Thank you, sir. I was also wondering if the PB was taking longer because I chose pairwise as oppose to per residue decomp. I was performing the decomp because I was anticipating some information on how to further improve future binding opportunities. I will try to include the progress bar, though we have difficulty getting these things onto the HPC server due to github blocking here. Thank you again!

Valdes-Tresanco-MS commented 2 years ago

I left calculating some more time and you are right, PB takes much longer than what I showed you.
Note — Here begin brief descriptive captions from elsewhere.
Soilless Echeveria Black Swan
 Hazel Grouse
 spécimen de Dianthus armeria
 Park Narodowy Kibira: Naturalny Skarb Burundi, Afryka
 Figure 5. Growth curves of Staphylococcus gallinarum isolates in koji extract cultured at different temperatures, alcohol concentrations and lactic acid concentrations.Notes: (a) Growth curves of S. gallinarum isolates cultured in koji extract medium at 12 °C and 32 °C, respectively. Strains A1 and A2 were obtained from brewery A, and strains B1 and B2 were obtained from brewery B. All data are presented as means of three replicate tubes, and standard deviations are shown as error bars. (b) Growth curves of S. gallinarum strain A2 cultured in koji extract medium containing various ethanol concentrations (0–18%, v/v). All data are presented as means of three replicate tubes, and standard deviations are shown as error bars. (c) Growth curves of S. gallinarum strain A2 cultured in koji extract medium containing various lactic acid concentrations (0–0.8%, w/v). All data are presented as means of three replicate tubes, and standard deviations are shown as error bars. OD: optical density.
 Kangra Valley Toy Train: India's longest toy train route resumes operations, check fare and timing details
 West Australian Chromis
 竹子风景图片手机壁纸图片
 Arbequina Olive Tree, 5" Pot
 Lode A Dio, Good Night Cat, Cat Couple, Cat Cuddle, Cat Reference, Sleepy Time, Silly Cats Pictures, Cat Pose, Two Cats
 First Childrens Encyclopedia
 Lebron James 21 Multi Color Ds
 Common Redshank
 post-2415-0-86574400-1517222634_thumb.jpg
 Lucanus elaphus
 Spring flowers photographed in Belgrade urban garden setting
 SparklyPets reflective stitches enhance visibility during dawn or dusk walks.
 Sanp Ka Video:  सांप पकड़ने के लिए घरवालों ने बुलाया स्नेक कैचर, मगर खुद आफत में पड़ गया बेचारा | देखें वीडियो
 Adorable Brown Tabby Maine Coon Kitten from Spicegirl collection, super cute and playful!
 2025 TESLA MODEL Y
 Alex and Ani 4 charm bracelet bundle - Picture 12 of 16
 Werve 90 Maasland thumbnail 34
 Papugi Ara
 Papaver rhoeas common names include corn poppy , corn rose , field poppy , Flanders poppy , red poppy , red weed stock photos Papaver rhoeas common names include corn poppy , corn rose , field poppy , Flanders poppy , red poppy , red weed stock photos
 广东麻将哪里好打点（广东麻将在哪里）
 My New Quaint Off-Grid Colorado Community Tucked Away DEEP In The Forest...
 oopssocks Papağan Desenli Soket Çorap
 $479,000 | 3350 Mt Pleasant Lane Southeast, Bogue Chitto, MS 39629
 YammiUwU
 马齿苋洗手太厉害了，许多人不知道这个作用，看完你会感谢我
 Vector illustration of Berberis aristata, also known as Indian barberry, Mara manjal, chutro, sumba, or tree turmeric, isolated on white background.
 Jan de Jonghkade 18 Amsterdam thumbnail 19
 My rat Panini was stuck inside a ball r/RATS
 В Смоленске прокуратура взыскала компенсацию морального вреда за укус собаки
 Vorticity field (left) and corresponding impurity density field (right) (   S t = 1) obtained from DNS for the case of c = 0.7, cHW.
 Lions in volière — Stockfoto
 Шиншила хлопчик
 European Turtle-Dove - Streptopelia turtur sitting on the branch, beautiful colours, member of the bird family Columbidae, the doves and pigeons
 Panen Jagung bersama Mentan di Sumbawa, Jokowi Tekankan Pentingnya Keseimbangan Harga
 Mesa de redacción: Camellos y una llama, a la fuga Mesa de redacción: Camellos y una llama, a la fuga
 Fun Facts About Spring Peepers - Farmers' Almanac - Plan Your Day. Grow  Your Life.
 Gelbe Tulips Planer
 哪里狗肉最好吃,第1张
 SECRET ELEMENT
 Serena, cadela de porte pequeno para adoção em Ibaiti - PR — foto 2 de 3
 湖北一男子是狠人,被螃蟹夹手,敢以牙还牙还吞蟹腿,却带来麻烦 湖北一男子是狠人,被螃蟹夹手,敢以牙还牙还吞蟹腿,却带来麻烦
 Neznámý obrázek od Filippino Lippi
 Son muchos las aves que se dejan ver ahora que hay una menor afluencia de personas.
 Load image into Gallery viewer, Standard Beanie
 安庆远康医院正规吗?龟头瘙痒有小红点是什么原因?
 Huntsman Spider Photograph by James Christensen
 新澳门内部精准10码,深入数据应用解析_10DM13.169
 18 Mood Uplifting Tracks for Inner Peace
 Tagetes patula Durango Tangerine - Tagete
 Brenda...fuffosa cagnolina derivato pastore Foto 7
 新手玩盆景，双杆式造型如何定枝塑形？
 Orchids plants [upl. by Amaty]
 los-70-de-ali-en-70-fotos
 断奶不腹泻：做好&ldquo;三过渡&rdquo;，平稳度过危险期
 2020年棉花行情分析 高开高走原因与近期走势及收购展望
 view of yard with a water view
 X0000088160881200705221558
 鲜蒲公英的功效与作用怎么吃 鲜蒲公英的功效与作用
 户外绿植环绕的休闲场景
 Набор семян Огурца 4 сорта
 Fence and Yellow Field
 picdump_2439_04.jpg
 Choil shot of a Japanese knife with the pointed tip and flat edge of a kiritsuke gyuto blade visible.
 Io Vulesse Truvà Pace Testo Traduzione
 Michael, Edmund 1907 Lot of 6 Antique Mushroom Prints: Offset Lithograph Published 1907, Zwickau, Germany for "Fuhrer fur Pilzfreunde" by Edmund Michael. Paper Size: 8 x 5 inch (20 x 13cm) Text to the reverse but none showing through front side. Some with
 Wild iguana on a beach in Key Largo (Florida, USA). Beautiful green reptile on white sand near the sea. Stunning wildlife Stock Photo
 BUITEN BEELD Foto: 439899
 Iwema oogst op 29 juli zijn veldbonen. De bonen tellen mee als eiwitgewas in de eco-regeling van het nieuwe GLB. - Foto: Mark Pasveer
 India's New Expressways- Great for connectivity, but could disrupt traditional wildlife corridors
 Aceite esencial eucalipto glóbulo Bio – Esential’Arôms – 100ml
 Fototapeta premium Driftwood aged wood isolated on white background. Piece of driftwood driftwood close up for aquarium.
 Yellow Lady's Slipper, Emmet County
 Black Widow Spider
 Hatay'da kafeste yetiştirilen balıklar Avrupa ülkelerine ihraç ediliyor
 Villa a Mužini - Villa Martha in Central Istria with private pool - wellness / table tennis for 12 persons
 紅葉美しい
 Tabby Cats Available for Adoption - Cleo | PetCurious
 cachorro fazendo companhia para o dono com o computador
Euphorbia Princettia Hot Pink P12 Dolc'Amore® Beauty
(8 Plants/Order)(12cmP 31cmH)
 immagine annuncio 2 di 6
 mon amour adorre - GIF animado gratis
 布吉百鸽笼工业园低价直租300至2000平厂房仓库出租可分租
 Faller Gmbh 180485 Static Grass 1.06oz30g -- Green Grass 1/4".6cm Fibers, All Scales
Apparently, it has a convergence problem estimating the non-polar component of the solvation. It is common that when there are disruptions in the trajectory it takes considerably longer, so make sure that your system is completely stable.

bradenkeiser commented 2 years ago

Ok. Then, I will focus on stabling this protein-ligand complex more before reusing gmx_MMPBSA. I have just entered the field, so I am getting used to the various procedures. Thanks again!

Valdes-Tresanco-MS commented 2 years ago

I understand. I think it's happened to all of us. If you have doubts, you can ask us for help, although we do not have much time, at least we will try to guide you.